Brief descriptive captions:
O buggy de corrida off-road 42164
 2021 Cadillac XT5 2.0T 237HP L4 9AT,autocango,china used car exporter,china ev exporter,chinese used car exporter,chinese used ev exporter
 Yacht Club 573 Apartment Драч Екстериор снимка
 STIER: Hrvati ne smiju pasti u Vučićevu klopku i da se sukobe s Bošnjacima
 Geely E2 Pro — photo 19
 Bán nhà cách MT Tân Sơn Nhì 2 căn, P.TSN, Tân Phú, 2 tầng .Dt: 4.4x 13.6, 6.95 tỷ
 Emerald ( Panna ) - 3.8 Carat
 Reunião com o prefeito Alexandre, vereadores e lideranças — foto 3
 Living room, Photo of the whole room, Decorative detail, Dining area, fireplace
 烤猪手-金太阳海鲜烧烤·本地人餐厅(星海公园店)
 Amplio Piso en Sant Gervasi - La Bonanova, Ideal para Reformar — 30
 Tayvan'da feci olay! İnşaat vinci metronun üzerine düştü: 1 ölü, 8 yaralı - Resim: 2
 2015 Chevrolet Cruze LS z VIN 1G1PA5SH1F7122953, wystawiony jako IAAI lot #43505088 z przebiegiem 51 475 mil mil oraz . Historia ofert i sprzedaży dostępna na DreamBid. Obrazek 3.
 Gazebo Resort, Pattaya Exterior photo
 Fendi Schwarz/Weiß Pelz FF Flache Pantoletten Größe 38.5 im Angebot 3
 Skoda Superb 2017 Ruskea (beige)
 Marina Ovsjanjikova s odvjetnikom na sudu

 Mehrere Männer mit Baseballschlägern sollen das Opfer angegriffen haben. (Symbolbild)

- _EXERCISE DESCRIPTION_:
Exact reproduction is required. Give the lines of the data from its first line through the line containing "Reunião com o", and no others.

- _EXERCISE ANSWER_:
O buggy de corrida off-road 42164
 2021 Cadillac XT5 2.0T 237HP L4 9AT,autocango,china used car exporter,china ev exporter,chinese used car exporter,chinese used ev exporter
 Yacht Club 573 Apartment Драч Екстериор снимка
 STIER: Hrvati ne smiju pasti u Vučićevu klopku i da se sukobe s Bošnjacima
 Geely E2 Pro — photo 19
 Bán nhà cách MT Tân Sơn Nhì 2 căn, P.TSN, Tân Phú, 2 tầng .Dt: 4.4x 13.6, 6.95 tỷ
 Emerald ( Panna ) - 3.8 Carat
 Reunião com o prefeito Alexandre, vereadores e lideranças — foto 3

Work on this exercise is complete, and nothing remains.